If `f(x)=mx+c`,`f(0)=f^`(0)=1` then `f(2)=`

To solve the problem, we need to find the value of \( f(2) \) given the function \( f(x) = mx + c \) and the conditions \( f(0) = 1 \) and \( f'(0) = 1 \). ### Step-by-Step Solution: 1. **Identify the function**: The function is given as \( f(x) = mx + c \). 2. **Use the first condition**: We know that \( f(0) = 1 \). Substituting \( x = 0 \) into the function: \[ f(0) = m(0) + c = c \] Therefore, we have: \[ c = 1 \] 3. **Use the second condition**: The second condition states that \( f'(0) = 1 \).
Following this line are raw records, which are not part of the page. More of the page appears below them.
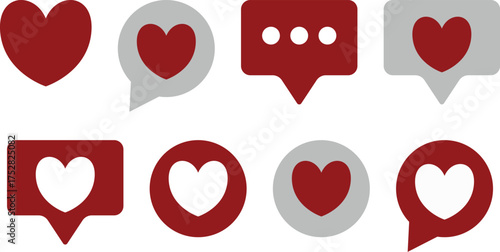 Social media heart emoji icons set, like and love reaction buttons, chat message bubbles with red hearts vector illustration on white background
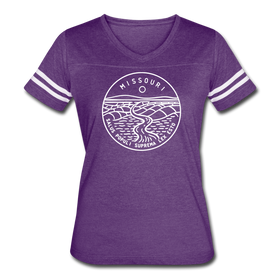 Missouri Women’s Vintage Sport T-Shirt - State Design Women’s Missouri Shirt - vintage purple/white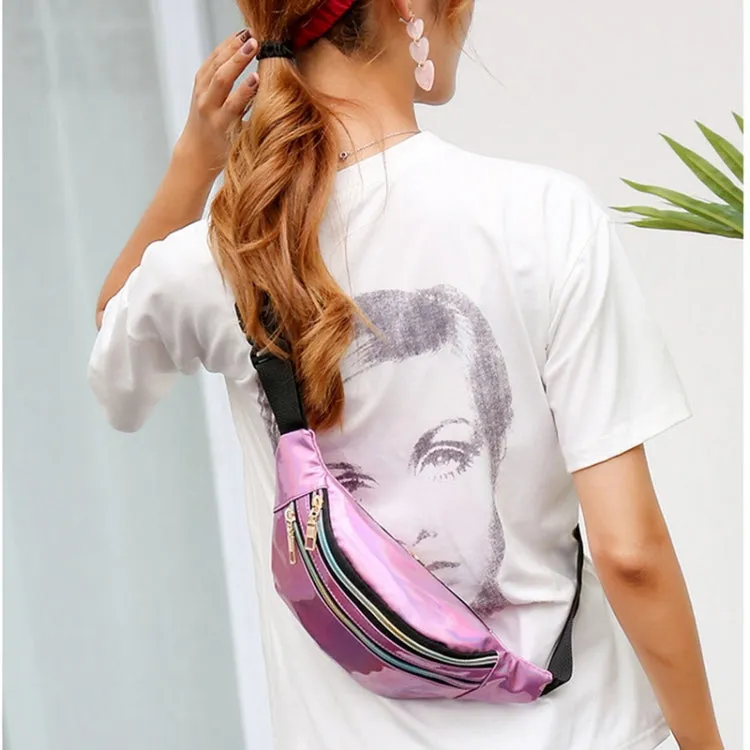 Women Punk Laser Glossy PU Double Zipper Chest Bag Casual Waist Bag(Black)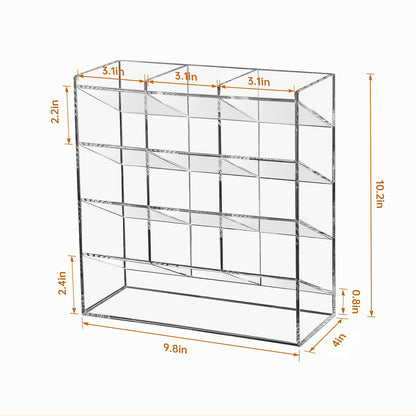 BEYGORM Acrylic Vertical Marker Organizer for 150 Markers with 13 Compartments, Clear Angled Pen & Pencil Holder, Large Desk Stationery & Art Supply Storage for Office & School (10.2 x 9.8 x 4 Inch)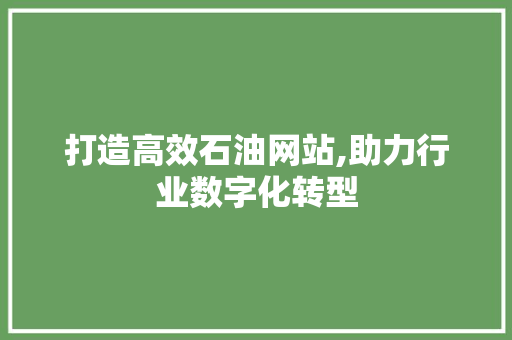 打造高效石油网站,助力行业数字化转型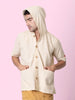 Nomad - Beige Hooded Shirt with Pockets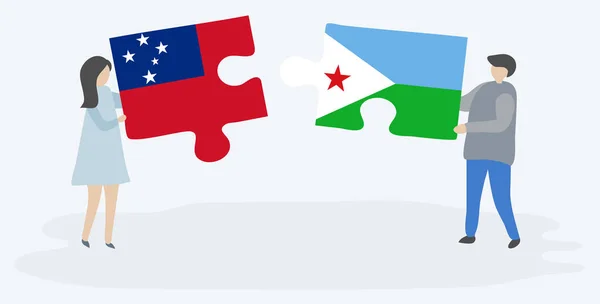 Paar Mit Zwei Puzzleteilen Aus Samoa Und Dschibuti Flaggen Nationale — Stockvektor
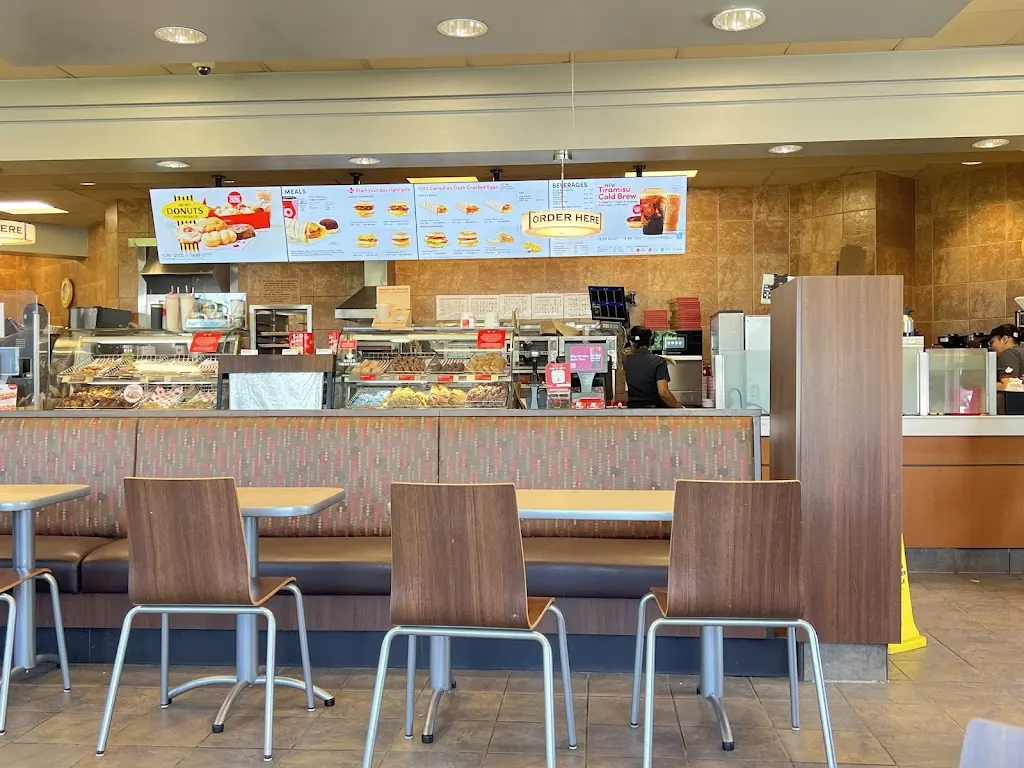 Tim Hortons storefront and interior at 693 Erie St, Stratford, ON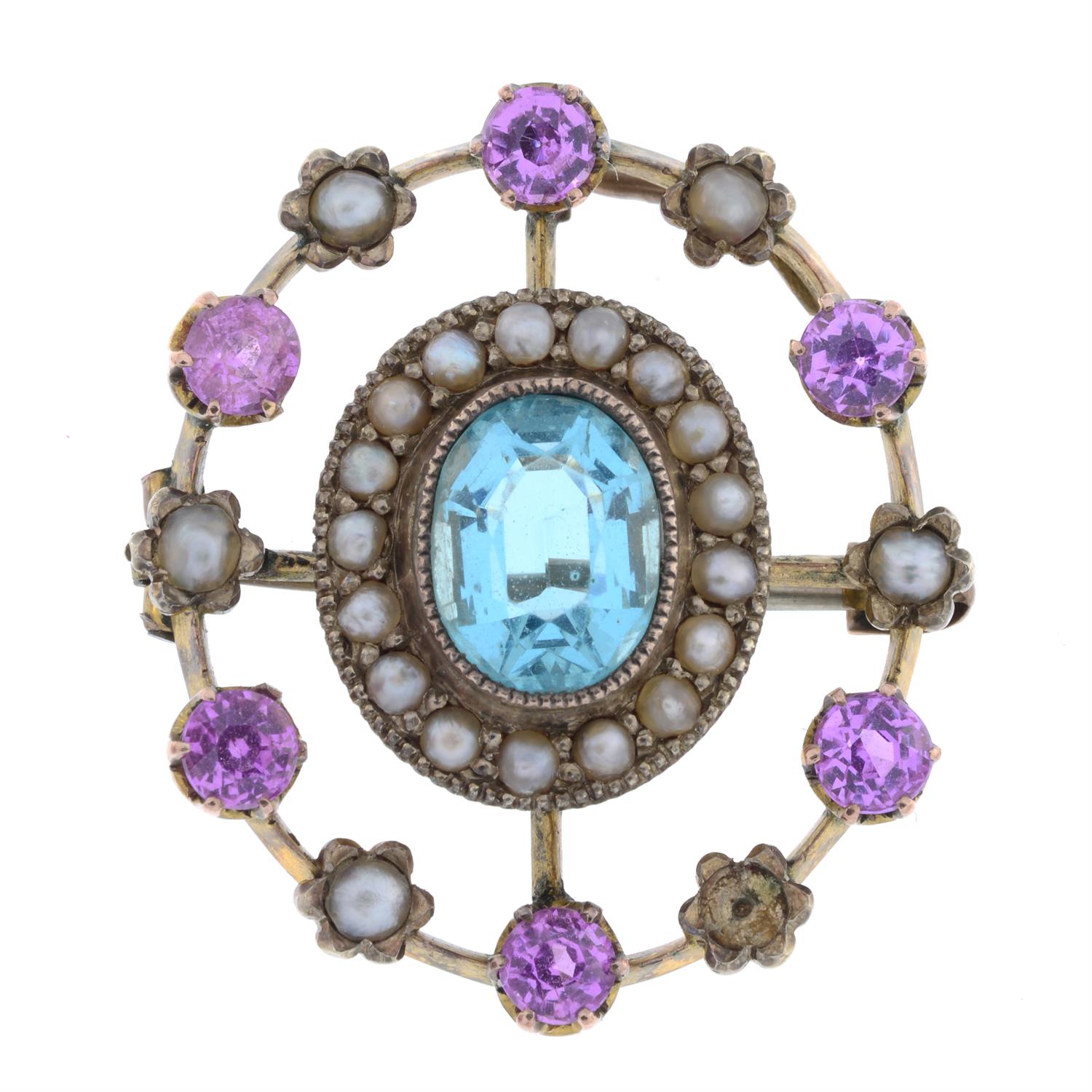 Paste, synthetic pink sapphire & split pearl brooch/pendant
First, we need to find the derivative \( f'(x) \): \[ f'(x) = m \] Since \( f'(0) = m \), we have: \[ m = 1 \] 4. **Write the complete function**: Now that we have both \( m \) and \( c \), we can write the complete function: \[ f(x) = 1x + 1 = x + 1 \] 5. **Calculate \( f(2) \)**: Now we need to find \( f(2) \): \[ f(2) = 2 + 1 = 3 \] ### Final Answer: Thus, the value of \( f(2) \) is \( 3 \). ---